An homage to the chain’s fries made by Minnesota’s lauded Tattersall Distilling, the vodka comes in curly and crinkle-cut flavor
In the latest stunt from a fast food brand desperate for relevance, roast beef sandwich purveyor Arby’s debuted a french-fry-flavored vodka this week. Available in two different flavors inspired by the chain’s different types of french fries, curly and crinkle cut, the vodka is the kind of bizarre mashup that could ultimately end up with a cult following.
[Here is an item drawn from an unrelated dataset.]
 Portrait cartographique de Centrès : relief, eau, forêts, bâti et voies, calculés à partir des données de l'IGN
The 80 proof spirit is, of course, distilled from potatoes, which is not uncommon in the world of vodka. A number of popular bottles are made from the starchy root vegetable, including Chopin and Monopolowa, both distilled in Poland. The Arby’s vodka is made stateside, at lauded Minneapolis craft distillery Tattersall Distilling, known for offerings like barrel-aged rum, wheated whiskey, and aquavit.
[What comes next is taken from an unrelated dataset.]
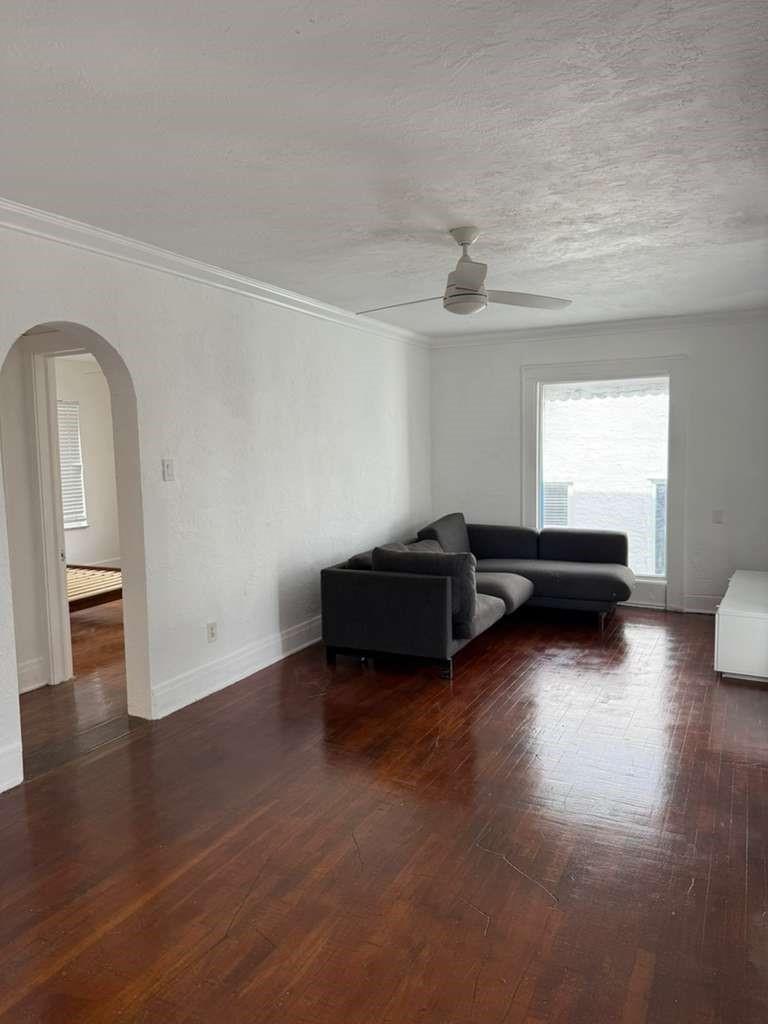 Hollywood Lakes Sec 1-32 - Residential Lease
The Arby’s vodka may not sound as fancy as a Scandinavian spirit that’s been distilled since the 15th century and made with all organic ingredients, but Tattersall is making it with that same level of care. The curly fry vodka is infused with cayenne, paprika, onion, and garlic, presumably the same combination of spices that coats the real deal at Arby’s. The crinkle fry vodka, which “honors the rich tradition of salted potato shapes,” is infused with salt and sugar, a common combo in the world of fast food fries.
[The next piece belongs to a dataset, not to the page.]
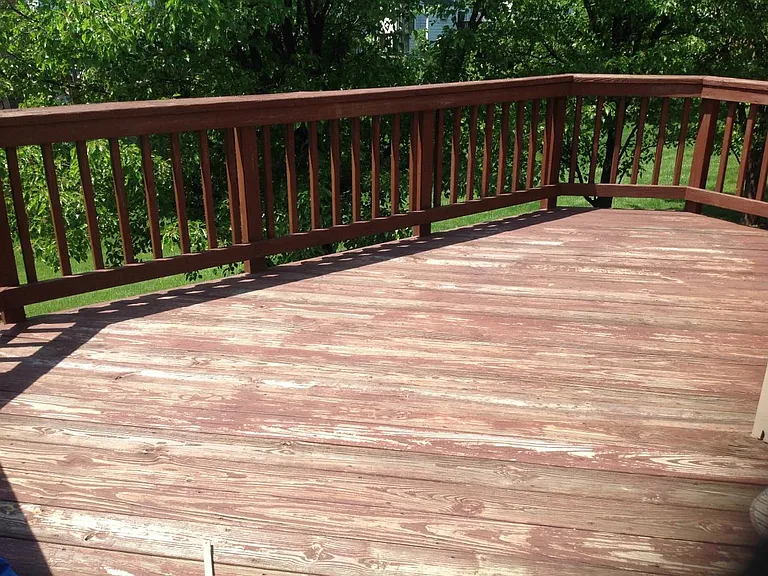 Deck (Was restained 2 years ago).. Old picture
On the nose — I am a sommelier now, thanks — the Arby’s vodka smells like any other vodka. That powerful rubbing alcohol-like punch that even the finest vodkas smell of is difficult to overcome, even with artificial flavors, but there’s a little something savory about the curly fry vodka that is distinct from the crinkle fry version. Using Clamato, Worcestershire sauce, and a little Lawry’s seasoning salt, I stirred together a lazy-ass bloody mary mix and set out to conduct an extremely scientific taste test to determine whether or not Arby’s vodka actually tasted like french fries.
Roping in a friend for the challenge, I labeled with “curly” and “crinkle” on the bottom, poured up the bloody marys, and switched the cups around on the table a few times so that we wouldn’t know which was which. The first sample was indeterminable, mostly just tasting like bloody mary mix, but sipping from the second cup set my tastebuds alive.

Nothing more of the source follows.